[INFORMATION PROVIDED]
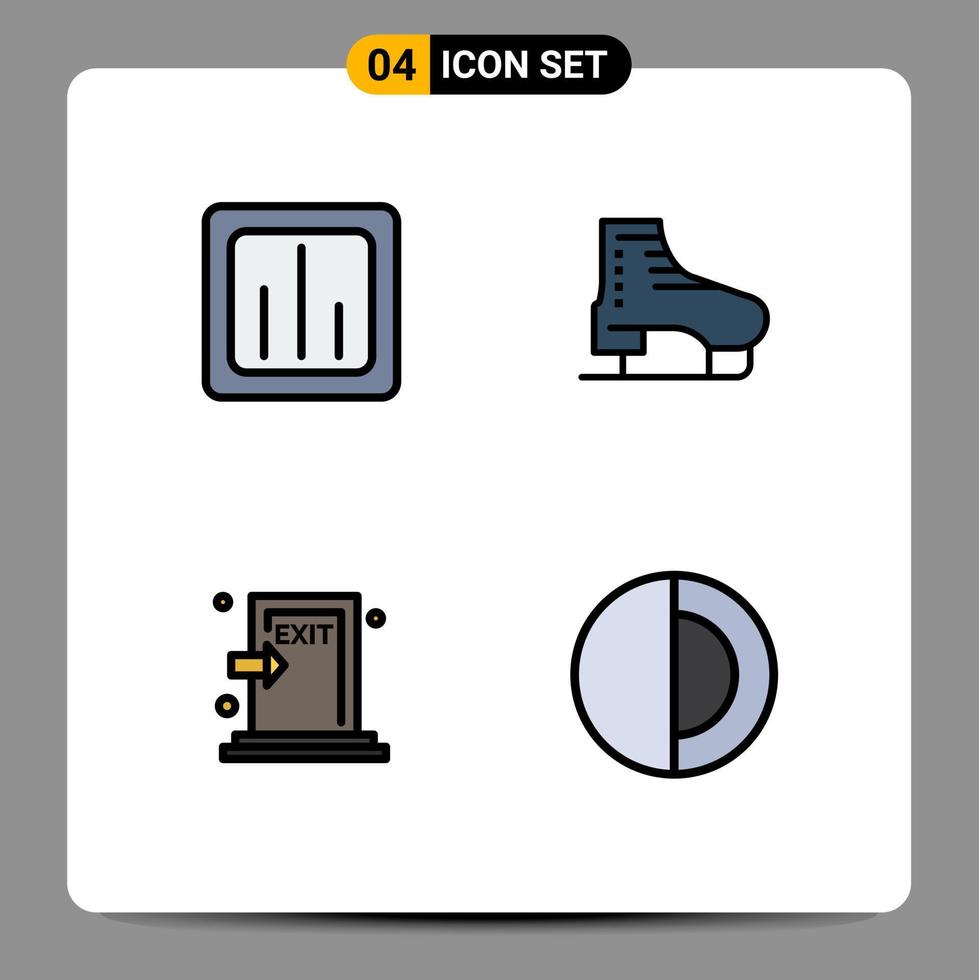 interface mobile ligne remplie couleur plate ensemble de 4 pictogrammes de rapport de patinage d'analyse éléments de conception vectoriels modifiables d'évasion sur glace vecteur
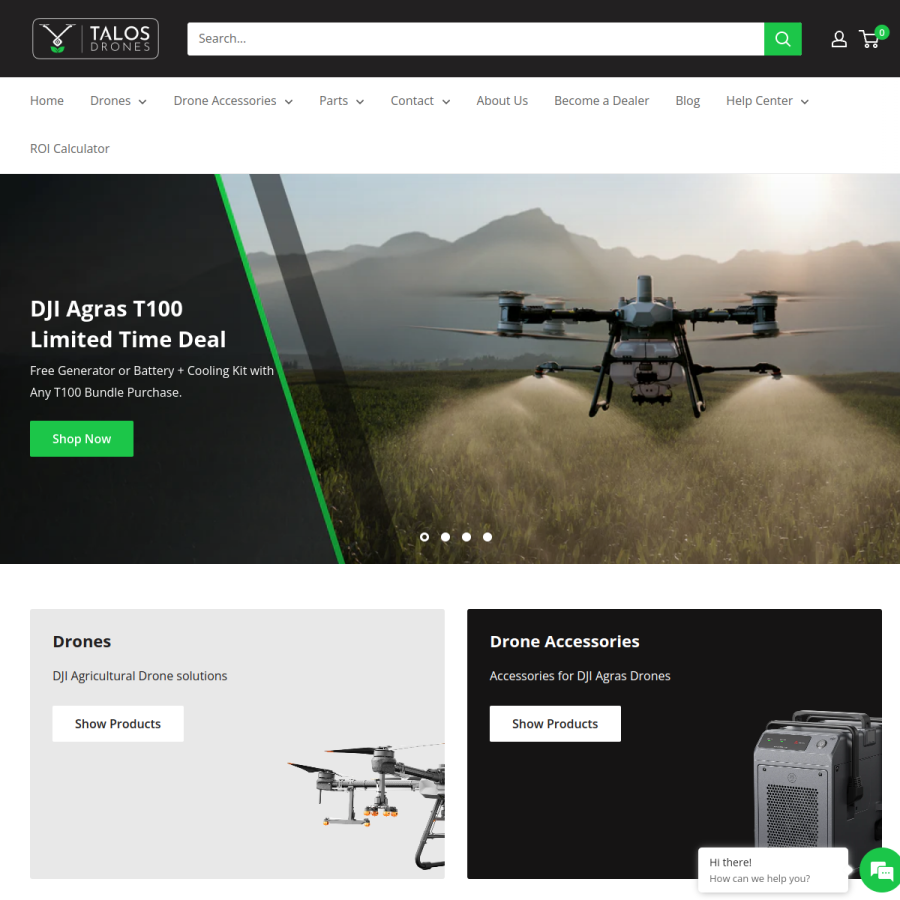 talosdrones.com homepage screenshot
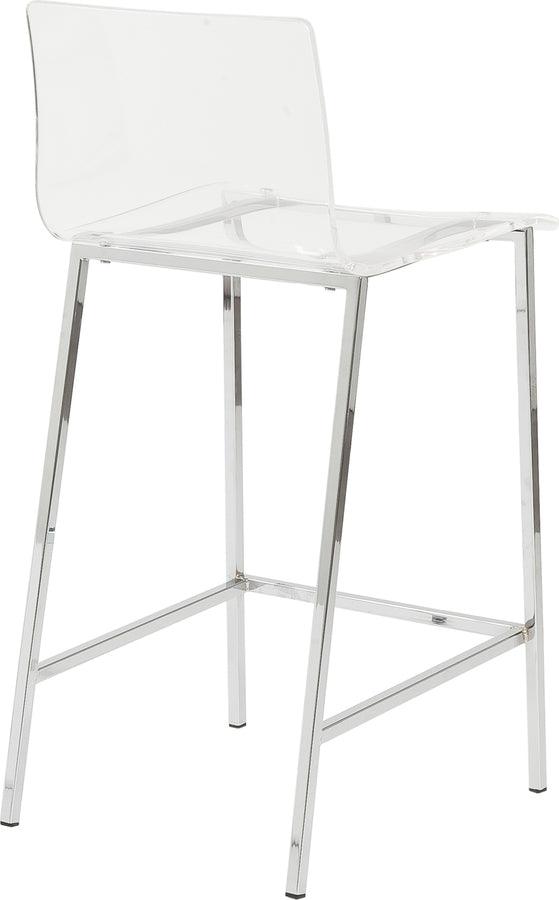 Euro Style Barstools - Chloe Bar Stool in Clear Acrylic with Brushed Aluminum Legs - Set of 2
[/INFORMATION PROVIDED]
**DESCRIPTION OF THE TASK:**
Exact copy, pictures removed: set down the whole listing above.

**RESPONSE AREA:**
 interface mobile ligne remplie couleur plate ensemble de 4 pictogrammes de rapport de patinage d'analyse éléments de conception vectoriels modifiables d'évasion sur glace vecteur
 talosdrones.com homepage screenshot
 Euro Style Barstools - Chloe Bar Stool in Clear Acrylic with Brushed Aluminum Legs - Set of 2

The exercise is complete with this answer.